Subscriber OnlyDrink

John Wilson: Here is how to make your cheap wine taste better

How to Drink Better: Mix good and less good wines together, serve it with food, and use your best glasses even if it’s an inexpensive bottle

Q: How can I make my budget wine taste better?

A: Can you make a silk purse out of a sow’s ear? I’ve never tried, but I do believe that you can make your wine, however little you paid for it, taste better.

There are various hacks online, including adding sugar or lemon juice to wines that taste too sour or sweet. I wouldn’t recommend this, but I have sometimes blended a little good wine into a lesser bottle; it works sometimes and can be fun. I usually do it to lower or increase the alcohol of a wine. A half-glass of a leftover good 14.5 per cent red added to a scrawny cheap 12 per cent wine can make an amazing difference.

If it is a white or rosé wine, try adding sparkling water to make a spritzer, or your own pet nat. Two parts wine to one part water for a spritzer, more red wine for a pet nat. However, the easiest way to make a cheap white wine taste better is to chill it. Ten minutes in an ice bucket will kill all flavours, good and bad. Serving a red wine at the correct temperature, about 18 degrees, will also improve the flavour.

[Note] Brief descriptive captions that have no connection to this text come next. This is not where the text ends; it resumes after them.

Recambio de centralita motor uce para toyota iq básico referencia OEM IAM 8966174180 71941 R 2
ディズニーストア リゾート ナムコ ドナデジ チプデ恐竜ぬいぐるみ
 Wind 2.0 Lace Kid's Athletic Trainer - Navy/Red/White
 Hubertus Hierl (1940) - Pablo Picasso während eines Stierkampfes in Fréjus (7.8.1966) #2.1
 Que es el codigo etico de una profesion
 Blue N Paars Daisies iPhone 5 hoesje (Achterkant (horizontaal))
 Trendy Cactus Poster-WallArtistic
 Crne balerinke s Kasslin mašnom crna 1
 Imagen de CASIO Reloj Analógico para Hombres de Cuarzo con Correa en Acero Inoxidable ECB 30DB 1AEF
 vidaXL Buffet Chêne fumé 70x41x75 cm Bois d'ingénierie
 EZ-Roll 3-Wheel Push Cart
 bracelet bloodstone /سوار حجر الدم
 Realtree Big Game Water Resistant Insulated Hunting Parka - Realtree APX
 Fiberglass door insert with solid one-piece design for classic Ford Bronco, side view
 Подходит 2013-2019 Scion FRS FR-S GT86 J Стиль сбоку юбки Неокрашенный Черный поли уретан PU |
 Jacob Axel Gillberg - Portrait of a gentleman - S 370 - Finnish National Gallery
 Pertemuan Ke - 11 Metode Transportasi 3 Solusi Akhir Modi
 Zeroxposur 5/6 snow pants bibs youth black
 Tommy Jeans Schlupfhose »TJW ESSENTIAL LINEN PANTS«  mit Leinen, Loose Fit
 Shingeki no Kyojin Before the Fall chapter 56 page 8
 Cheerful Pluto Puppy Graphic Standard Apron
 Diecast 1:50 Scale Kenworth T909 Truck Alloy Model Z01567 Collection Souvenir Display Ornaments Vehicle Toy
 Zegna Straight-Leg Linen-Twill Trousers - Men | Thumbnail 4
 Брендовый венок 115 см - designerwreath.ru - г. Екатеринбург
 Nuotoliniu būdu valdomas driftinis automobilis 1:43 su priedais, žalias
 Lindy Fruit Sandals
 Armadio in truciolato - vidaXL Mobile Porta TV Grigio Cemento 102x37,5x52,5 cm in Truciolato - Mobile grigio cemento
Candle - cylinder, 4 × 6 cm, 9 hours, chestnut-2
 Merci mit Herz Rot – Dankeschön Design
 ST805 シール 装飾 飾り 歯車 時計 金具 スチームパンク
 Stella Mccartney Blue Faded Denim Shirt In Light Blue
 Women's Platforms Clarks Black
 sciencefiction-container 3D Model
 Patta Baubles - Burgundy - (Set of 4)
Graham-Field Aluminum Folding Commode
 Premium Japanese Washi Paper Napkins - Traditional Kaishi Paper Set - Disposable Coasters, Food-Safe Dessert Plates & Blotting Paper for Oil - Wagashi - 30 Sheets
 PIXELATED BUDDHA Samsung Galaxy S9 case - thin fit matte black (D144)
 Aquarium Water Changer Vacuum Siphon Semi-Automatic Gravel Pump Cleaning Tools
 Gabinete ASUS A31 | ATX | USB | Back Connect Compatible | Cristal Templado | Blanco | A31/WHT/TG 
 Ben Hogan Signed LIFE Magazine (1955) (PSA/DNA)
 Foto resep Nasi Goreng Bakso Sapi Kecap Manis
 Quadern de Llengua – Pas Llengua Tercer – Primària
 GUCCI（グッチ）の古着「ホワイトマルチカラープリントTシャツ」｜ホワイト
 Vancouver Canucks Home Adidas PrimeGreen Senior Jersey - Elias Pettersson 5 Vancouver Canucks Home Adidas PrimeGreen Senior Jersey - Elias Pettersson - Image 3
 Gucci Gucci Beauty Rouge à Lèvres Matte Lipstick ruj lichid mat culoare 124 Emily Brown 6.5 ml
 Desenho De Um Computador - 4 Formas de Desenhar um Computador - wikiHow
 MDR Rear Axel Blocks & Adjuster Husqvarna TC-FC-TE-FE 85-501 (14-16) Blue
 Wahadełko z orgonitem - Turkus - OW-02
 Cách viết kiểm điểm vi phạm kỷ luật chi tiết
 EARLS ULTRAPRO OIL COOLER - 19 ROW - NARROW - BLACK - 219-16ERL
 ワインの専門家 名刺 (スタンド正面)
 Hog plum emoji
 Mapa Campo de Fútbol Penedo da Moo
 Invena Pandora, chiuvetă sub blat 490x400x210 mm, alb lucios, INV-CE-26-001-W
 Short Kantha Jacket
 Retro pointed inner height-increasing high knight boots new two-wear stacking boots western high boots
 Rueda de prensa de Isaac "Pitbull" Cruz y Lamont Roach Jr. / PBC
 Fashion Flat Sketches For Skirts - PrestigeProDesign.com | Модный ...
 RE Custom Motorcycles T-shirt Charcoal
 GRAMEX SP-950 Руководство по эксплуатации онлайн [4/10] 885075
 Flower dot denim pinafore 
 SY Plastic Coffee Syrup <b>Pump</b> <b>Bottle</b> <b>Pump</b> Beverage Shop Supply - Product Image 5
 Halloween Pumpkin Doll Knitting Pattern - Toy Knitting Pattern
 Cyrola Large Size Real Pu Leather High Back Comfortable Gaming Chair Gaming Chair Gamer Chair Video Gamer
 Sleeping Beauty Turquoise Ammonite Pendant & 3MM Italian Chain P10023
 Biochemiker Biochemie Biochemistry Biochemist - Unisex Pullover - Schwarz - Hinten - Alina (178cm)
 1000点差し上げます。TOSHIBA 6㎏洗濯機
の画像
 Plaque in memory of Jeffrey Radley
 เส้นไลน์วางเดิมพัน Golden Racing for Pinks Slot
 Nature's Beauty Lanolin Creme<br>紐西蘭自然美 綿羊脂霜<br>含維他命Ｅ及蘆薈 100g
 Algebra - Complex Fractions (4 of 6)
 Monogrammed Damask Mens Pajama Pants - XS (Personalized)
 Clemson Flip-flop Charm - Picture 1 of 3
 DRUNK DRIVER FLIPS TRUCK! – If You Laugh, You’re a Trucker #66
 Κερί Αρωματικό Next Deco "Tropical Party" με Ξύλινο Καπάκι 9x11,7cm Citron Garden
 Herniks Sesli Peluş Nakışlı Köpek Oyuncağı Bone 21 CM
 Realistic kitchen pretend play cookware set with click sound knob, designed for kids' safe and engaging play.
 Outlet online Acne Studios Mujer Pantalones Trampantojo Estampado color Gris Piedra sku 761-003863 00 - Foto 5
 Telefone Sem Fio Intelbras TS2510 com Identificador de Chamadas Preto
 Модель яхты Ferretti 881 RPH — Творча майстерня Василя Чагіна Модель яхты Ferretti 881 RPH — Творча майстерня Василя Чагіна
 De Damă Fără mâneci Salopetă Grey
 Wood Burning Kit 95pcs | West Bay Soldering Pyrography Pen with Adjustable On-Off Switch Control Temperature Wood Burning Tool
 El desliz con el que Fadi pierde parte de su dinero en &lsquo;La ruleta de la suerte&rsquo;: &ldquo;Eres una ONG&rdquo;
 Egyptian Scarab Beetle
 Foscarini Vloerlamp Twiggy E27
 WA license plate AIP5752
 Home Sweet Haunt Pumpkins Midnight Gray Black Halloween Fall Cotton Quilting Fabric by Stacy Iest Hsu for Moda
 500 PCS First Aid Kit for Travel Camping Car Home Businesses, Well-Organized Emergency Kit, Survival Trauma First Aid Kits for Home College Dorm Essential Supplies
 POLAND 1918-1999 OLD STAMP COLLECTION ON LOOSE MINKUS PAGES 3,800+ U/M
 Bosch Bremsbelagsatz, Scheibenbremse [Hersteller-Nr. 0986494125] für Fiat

We think that most wine tastes better with food. However, we often taste less of the wine when enjoyed alongside food. If you serve it with a bland firm cheese or plain meat with a cheap red wine, it certainly takes any rough edges. As a bonus, the wine will probably make the food taste better.


We eat and drink with our eyes: if something looks good, it raises our expectations and increases our enjoyment. So, serve your supermarket special in a nice decanter and drink from large tulip-shaped glasses, only filling it a third to half full. If you can afford a thin-walled glass from a company such as Riedel or Schott-Zwiesel your guests will think your wine is much better than it actually is.